Open WardLT opened 2 years ago
@sutanay has some ideas on this that he's already talked to Jenna about
@WardLT - this would be updating the MPNN to systematically add training samples - using the "curiosity" objective. Here was the idea. ` def train_energy_prediction_model(): """ This module trains an energy prediction model in a simulation driven approach combined with self-supervised learning. It samples the chemical space and adaptively generates molecular graphs that represents points from the chemical space where current model performance is suboptimal. Each graph is transformed into 3d representation where every node is associated with a (x, y, z) coordinate. This 3D representation of the graph is processed by TTM to compute the potential energy, and a graph neural network is trained from the collection of (graph, energy) pairs. """ min_size, max_size = [3, 30] for n in range(min_size, max_size+1):
# Bigger values of n will lead to larger diversity in graph structures
pause_training = False
max_iters = 1000
n_iters = 0
while pause_training == False and num_iters < max_iters:
# If this is the first time, then return sample structures from
# current database, else generate the dataset by samplig the chemical space.
# get_db_graphs() or gen_candidates() returns a set of (graph, energy) pairs.

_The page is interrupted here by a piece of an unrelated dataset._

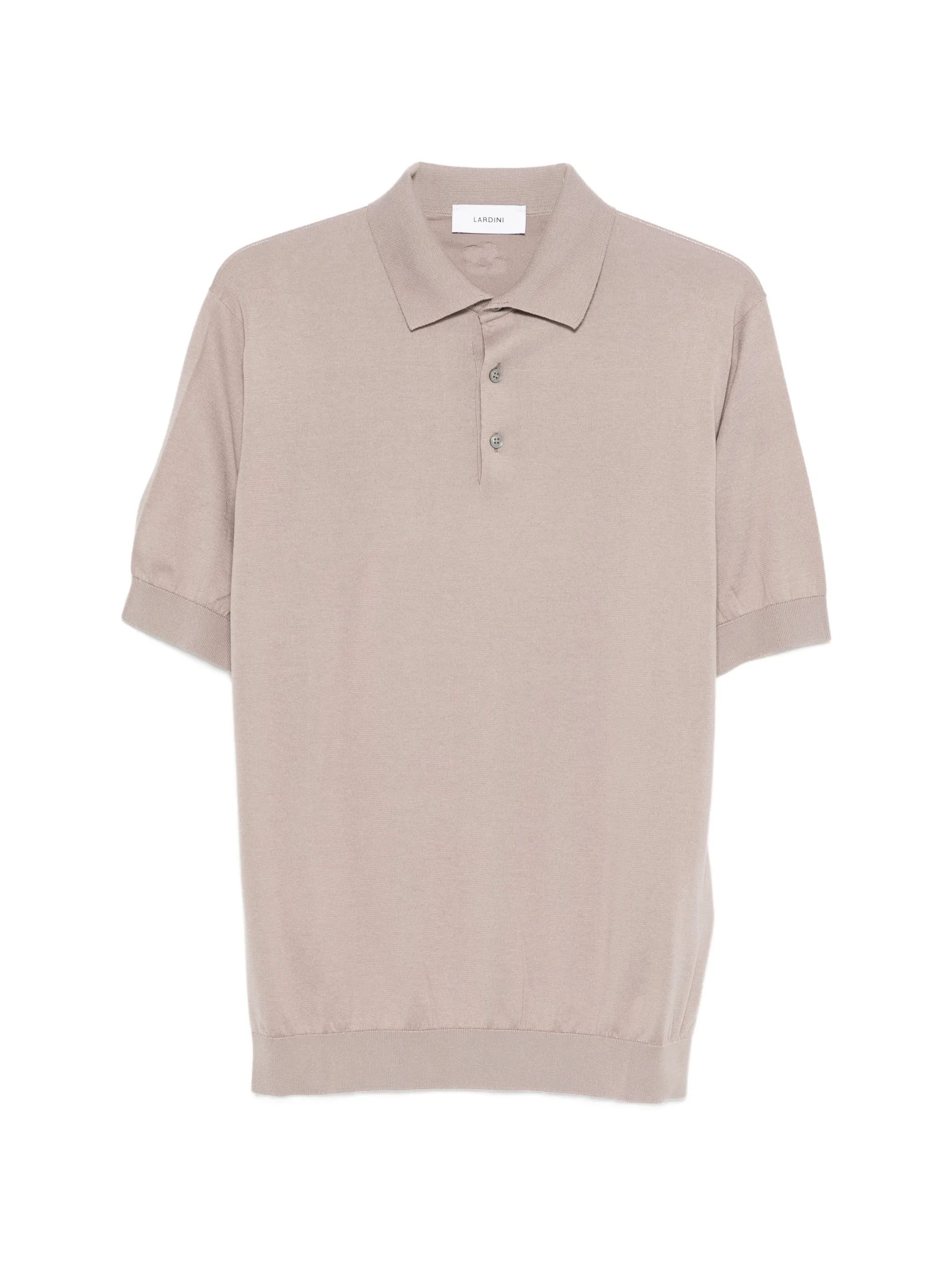 Ribbed Trim Knit Polo Shirt with Button Placket and Short Sleeves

# Use techniques from the "Curiosity in exploring chemical space: intrinsic
# rewards for deep molecular reinforcement learning" paper to implement
# gen_candidates()
graphs = get_db_graphs(n) if n_iters == 0 else gen_candidates(model, n)
train_graphs, valid_graphs, test_graphs = split_dataset(graphs)
train_and_eval_model(model, train_graphs, valid_graphs, test_graphs)
# Determine when the model has stablized
pause_training = eval_model(model, n, test_graphs)
n_iters += 1
`
I'm not sure how to do this, but there has to be some way of forcing the network to be "curious" in training.
Something to talk about in our next meeting, perhaps!